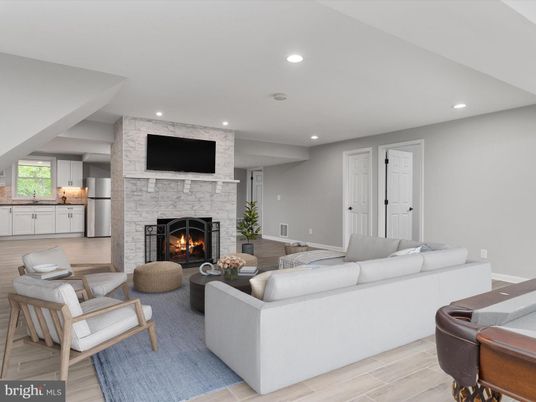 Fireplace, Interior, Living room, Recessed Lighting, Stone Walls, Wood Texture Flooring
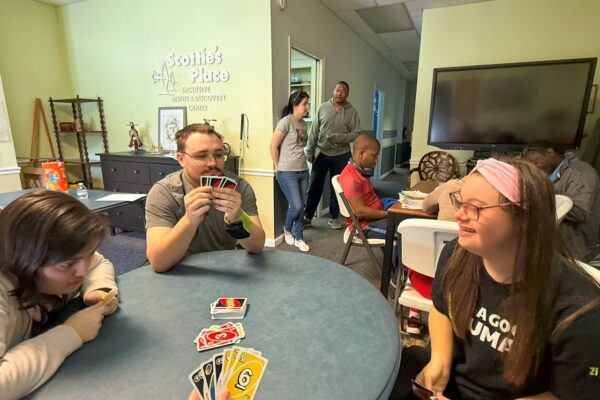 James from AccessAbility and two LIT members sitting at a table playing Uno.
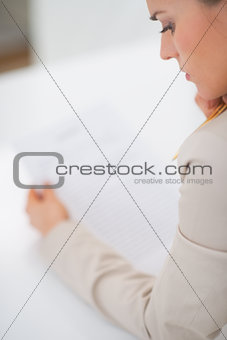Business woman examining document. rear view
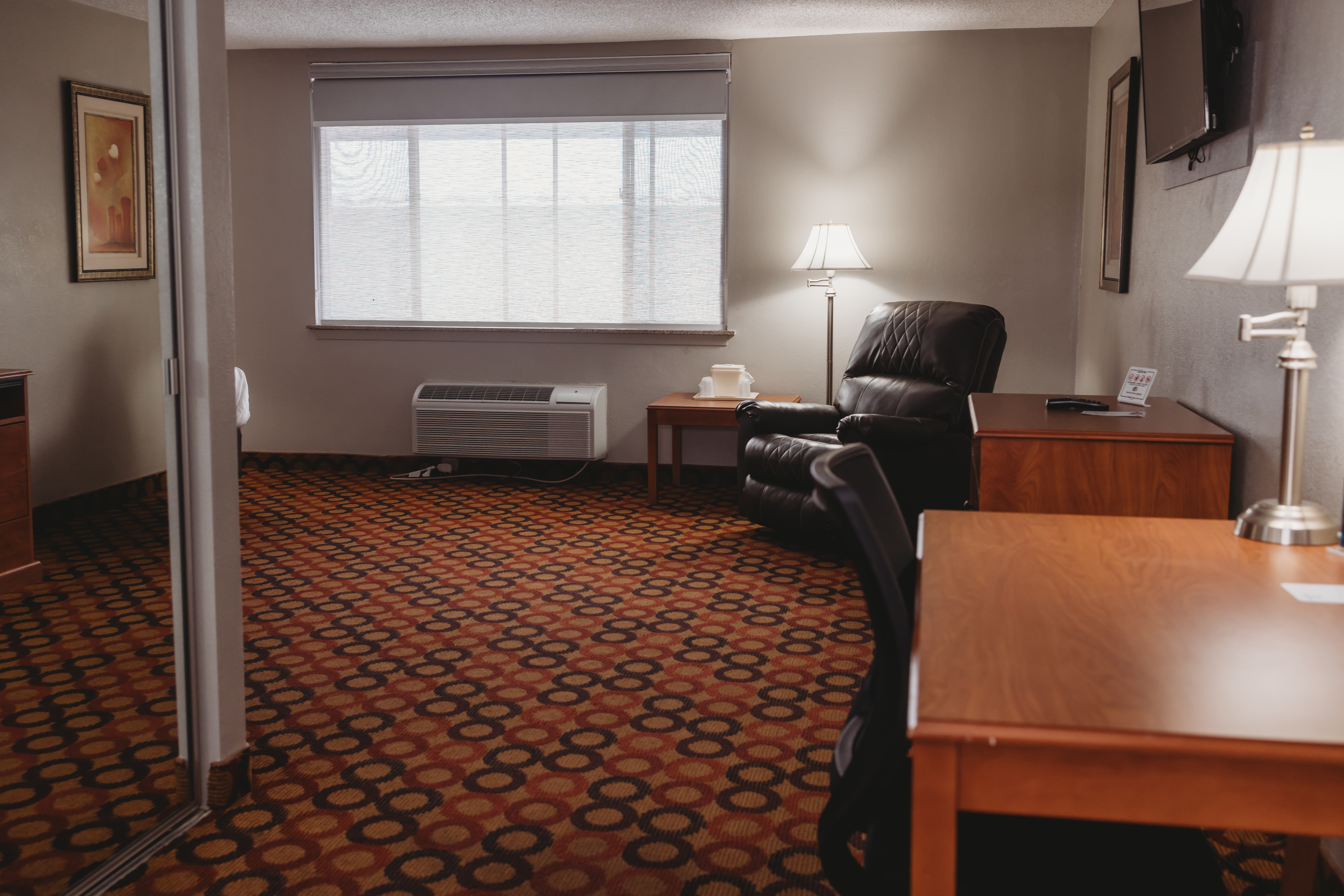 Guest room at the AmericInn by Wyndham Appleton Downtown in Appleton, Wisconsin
_ _ _ _ _
BRIEF = Exclude the pictures, and transcribe all of the material exactly.

ANSWER SECTION =
 Fireplace, Interior, Living room, Recessed Lighting, Stone Walls, Wood Texture Flooring
 James from AccessAbility and two LIT members sitting at a table playing Uno.
Business woman examining document. rear view
 Guest room at the AmericInn by Wyndham Appleton Downtown in Appleton, Wisconsin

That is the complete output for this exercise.